Number six, the balance sheet. We've got a very strong balance sheet. It has grown in strength over the past decade. And as just indicated in the discussion around liquidity and the track record that we've had of capital management through good times in bad is very hard to compare to.

And I guess finally, I consider us to be the best operator in the business. And if there are any questions on that, we are out to prove that we are top decile to #1 in the business as an operator in North America and very committed to that.

So those 7 reasons give me a very high degree of confidence in our ability to sustain the growth story, and more importantly, I guess, to provide that whole triangle of investment proposition to you of growth, of security and safety in the investment and of yield. As Richard said on the yield side, nothing but upside from the policy that we've followed in the past.
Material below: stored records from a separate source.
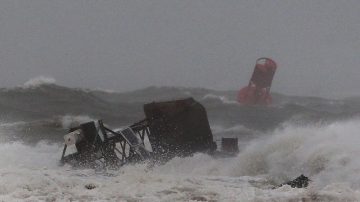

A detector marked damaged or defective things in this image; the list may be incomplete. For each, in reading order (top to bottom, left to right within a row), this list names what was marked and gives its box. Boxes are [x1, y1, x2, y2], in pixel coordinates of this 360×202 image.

wrecked boat [60, 97, 238, 168]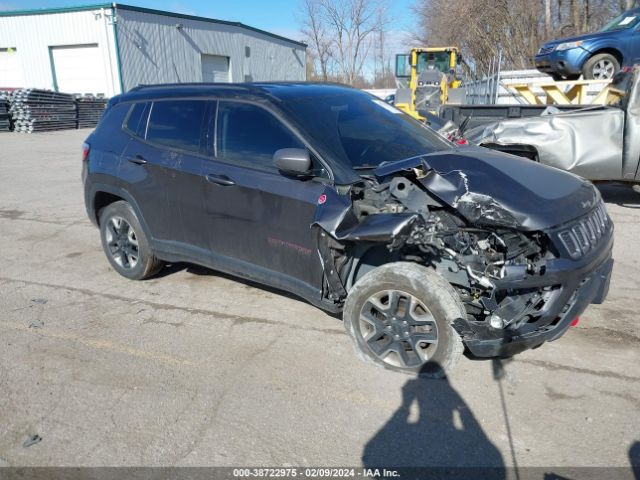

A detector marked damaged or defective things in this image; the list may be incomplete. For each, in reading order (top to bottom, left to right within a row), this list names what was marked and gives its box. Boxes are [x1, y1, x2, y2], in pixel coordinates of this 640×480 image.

crumpled hood [376, 148, 600, 232]
severe front-end damage [312, 150, 612, 356]
damaged front bumper [452, 234, 612, 358]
So I'm very confident in where we are and where we're going. And with that -- and by the way, I should add and I implied this, but I've never been more confident in terms of the operational integrity of the system. Maybe it's been in part to trials and tribulations that we've gone through over the last year and a quarter at Enbridge that's given me that confidence, but I find out about every single operational incident. That information is shared throughout the organization and, to the extent possible, with the industry. And I've never been more confident of the integrity of the system that we operate than I am today.

So that is all I have to say by way of concluding remarks. I'll maybe now just throw it open for any final questions or comments, and then we will adjourn, I guess, next door for lunch. But questions, comments, thoughts?
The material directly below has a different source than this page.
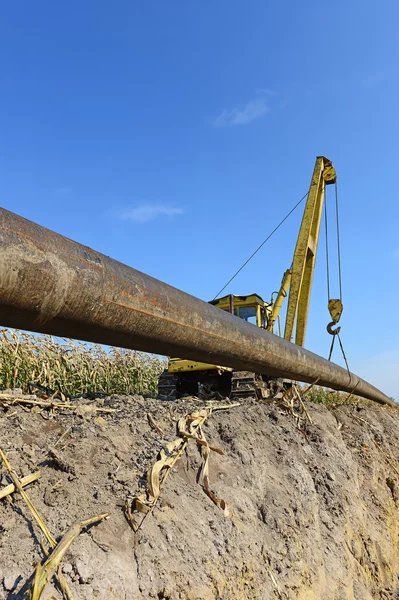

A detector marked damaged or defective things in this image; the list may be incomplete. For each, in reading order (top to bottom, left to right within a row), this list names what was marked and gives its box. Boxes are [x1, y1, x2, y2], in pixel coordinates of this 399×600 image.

large rusty pipeline [0, 206, 396, 408]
And by the way, Andrew, with regard to the -- what the market is missing, I don't know that it's so much missing anything, but we've always felt that we're bumping up a ceiling -- against a ceiling with our multiple advantage over the rest of the business. That doesn't fully give us credit for the fact that -- maybe it gives us credit for being the lowest risk in the business, maybe it gives us credit for being the highest growth in the business or having very strong in growing yield and track record, but it doesn't give us credit for all of those things together. And that's what we're trying to point out with the substantial upside comment.

Questions, comments or lunch? You've got 3 alternatives. And I see a vote for lunch. So thank you all very much. We really appreciate your time, and I look forward to any follow-ups that you've got. Thank you.